讀範先生的文章,你會産生一種“幹淨”的感覺,那既是心靈的純淨,也是文字的純淨。安安靜靜的故事,平平淡淡的語氣,天大的事情到了範先生的筆下,都會顯得那樣平和自然,不見誇張,不見雕琢。陳樂民先生讀過《我愛穆源》後評價道:“沒有訓世的警句,也沒有任何豪言壯語,但卻有今天最需要、最可珍貴的真情。所謂大人者不失其赤子之心是也。”其實範先生早年有過寫作訓練,端木蕻良先生就曾指導過他的寫作。端木先生晚年回憶說:“範用甫十六歲,餘曾囑其從事文藝創作。”還寫詩雲:“文壇失落一支筆,棗林憑君作渡船。”可見範先生的寫作功底并非虛來,他的文字格調,還影響到三聯乃至許多出版人的風格。其實早年範先生也有從事其他行業的機會,他的小學老師沙名鹿先生,就不但引導他寫作、演話劇,還曾推薦他出演鄭君裡主演的電影《迷途的羔羊》中的流浪兒。但最終範先生還是選擇出版為終生志業。為什麼?

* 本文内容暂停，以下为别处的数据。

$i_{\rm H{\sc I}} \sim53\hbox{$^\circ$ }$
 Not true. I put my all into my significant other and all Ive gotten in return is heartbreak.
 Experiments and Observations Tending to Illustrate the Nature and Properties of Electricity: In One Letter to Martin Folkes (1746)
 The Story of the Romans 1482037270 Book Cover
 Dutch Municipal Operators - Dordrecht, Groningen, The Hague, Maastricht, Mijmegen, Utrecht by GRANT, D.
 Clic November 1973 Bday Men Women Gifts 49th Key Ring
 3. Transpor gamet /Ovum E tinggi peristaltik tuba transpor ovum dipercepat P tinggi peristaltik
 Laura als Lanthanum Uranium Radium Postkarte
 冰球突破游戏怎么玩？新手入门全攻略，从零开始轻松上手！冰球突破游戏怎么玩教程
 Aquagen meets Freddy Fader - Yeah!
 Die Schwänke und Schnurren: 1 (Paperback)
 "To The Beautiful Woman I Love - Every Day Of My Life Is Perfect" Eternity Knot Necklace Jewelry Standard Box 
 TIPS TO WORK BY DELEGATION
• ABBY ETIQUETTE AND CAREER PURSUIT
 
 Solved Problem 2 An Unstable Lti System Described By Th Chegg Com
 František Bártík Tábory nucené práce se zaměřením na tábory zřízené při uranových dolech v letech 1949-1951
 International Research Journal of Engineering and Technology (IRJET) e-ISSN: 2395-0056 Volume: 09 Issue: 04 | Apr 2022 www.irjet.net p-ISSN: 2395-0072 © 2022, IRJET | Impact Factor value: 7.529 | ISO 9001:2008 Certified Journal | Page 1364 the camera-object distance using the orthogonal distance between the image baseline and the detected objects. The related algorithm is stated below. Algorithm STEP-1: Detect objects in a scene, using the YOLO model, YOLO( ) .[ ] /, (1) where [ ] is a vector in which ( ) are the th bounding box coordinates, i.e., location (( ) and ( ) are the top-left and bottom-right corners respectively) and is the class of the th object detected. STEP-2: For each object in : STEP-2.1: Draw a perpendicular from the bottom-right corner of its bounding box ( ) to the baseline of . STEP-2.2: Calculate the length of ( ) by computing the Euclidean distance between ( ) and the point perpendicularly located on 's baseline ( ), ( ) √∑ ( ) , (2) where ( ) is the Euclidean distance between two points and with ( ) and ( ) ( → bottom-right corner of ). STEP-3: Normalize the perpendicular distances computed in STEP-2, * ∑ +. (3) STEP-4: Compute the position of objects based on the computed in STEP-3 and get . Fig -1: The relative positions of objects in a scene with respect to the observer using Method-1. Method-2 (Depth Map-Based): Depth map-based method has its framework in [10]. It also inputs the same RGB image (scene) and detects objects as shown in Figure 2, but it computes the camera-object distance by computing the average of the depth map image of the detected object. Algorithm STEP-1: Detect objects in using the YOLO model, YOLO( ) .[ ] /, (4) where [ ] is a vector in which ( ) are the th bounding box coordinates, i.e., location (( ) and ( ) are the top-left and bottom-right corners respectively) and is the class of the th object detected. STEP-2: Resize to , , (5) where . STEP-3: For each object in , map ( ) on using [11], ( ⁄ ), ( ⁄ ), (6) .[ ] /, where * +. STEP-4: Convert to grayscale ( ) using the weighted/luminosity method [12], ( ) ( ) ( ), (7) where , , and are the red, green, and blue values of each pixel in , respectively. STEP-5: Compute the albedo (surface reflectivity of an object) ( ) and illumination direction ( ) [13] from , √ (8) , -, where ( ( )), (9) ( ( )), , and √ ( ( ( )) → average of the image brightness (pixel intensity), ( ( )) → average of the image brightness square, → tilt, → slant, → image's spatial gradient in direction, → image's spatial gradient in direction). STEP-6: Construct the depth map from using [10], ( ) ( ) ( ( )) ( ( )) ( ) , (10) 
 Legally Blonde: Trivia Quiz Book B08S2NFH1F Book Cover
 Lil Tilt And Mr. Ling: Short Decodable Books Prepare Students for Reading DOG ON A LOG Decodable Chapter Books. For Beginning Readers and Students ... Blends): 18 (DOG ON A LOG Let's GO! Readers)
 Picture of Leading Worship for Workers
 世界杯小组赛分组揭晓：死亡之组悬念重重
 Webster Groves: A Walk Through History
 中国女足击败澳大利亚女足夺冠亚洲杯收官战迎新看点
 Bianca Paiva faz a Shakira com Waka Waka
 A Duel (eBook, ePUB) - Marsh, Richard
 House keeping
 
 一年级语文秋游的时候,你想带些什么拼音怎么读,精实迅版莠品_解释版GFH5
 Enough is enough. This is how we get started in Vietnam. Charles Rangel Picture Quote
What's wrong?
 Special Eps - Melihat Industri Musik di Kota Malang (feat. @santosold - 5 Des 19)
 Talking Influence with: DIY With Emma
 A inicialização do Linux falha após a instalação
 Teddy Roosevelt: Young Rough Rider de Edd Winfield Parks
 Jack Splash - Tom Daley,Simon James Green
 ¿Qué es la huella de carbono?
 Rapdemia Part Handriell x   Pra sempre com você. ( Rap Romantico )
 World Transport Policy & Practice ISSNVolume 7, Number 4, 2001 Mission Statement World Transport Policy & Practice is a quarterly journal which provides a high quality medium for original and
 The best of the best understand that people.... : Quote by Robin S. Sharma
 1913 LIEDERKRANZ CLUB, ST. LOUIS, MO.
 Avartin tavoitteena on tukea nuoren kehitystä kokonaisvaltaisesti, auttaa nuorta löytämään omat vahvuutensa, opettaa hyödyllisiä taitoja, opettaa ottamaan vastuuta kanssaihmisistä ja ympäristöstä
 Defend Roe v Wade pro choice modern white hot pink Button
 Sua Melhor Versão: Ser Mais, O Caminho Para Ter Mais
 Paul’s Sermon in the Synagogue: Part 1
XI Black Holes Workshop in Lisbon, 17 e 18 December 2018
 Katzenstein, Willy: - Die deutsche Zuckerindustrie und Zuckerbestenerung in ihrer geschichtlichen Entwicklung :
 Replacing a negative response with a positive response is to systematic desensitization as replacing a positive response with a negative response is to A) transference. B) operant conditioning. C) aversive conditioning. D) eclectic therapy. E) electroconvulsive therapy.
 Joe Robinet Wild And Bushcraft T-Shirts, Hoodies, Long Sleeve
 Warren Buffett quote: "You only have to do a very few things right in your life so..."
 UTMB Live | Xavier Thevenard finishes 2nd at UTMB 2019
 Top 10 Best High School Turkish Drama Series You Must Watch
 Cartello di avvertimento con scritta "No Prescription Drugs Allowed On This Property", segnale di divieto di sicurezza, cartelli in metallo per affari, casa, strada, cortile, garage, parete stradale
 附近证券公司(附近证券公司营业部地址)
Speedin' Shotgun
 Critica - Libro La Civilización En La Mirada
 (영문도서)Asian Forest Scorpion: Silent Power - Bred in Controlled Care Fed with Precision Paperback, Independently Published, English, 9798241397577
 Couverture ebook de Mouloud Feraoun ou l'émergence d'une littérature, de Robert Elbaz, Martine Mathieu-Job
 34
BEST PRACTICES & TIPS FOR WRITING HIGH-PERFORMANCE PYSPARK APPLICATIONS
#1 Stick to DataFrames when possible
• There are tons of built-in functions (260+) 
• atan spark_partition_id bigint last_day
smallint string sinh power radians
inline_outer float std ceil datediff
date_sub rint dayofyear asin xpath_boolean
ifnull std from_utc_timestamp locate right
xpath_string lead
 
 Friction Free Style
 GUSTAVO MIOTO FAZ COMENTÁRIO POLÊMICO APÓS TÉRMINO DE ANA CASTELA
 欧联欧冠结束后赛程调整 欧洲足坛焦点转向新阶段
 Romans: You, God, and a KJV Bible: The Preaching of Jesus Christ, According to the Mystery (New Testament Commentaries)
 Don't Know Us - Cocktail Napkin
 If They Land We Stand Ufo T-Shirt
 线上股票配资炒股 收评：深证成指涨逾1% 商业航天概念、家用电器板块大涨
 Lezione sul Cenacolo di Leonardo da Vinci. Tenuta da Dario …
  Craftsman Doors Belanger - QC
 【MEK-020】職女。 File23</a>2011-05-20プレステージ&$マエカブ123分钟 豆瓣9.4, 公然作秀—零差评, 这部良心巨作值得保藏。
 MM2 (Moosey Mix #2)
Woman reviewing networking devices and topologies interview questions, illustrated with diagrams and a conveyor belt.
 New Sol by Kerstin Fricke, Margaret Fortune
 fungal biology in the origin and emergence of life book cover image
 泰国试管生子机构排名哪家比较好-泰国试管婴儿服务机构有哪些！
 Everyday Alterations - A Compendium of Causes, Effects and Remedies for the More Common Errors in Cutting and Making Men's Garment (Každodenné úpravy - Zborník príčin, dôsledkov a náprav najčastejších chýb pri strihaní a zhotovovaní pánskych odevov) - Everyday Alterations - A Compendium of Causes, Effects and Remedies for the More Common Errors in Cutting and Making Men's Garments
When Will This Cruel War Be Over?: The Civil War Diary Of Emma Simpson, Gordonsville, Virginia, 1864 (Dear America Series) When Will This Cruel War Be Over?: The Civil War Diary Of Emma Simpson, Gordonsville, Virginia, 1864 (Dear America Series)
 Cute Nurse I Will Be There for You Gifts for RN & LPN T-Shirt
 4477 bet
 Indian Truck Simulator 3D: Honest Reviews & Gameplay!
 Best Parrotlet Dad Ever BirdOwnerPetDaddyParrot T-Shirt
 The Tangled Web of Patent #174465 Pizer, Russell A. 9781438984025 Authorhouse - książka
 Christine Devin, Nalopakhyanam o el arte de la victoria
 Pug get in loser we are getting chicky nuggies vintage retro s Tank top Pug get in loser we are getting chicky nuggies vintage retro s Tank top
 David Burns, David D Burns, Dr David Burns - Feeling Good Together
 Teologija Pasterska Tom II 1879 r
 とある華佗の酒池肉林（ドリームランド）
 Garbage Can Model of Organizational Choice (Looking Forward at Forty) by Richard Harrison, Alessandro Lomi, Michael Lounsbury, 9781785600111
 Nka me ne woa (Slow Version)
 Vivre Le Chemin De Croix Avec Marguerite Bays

範先生說,人生的道路,有太多的或然性。他投身出版,正是由于1937年“八一三”事變爆發,他去漢口舅公家避難。當時舅公在會文堂書局做經理,從上海遷來的讀書生活出版社,租用書局二樓的房子辦公。第二年舅公病故,舅婆回浙江老家,隻好将範用托付給讀書生活出版社經理黃洛峰先生。從此,範用成了讀書生活出版社的職員,那年他隻有16歲。範先生說,他人生的這一步,隻是出于偶然,偶然之中也有必然。他講,小時候他家的對門,有一個印刷鋪子,他看到一張張白紙從機器這頭吃進去,那頭吐出來,上面就印滿了字,使他産生無限的好奇心。後來讀到茅盾文章《少年印刷工》,那裡寫到一個少年夢見自己坐在印刷機旁,讀到很多書。所以兒時的範用,對印刷工的生活充滿了想象。他十歲就開始自編“号外”,後來還手繪期刊《我的漫畫》,一共出版了九期。在朦朦胧胧中,範用覺得,寫作、繪畫、出版與印刷,能使他的好奇心得到充分的滿足。他在那裡找到了心靈的歸宿,從此安居其中,不肯出來。一生流連忘返,沒有離開過出版業半步。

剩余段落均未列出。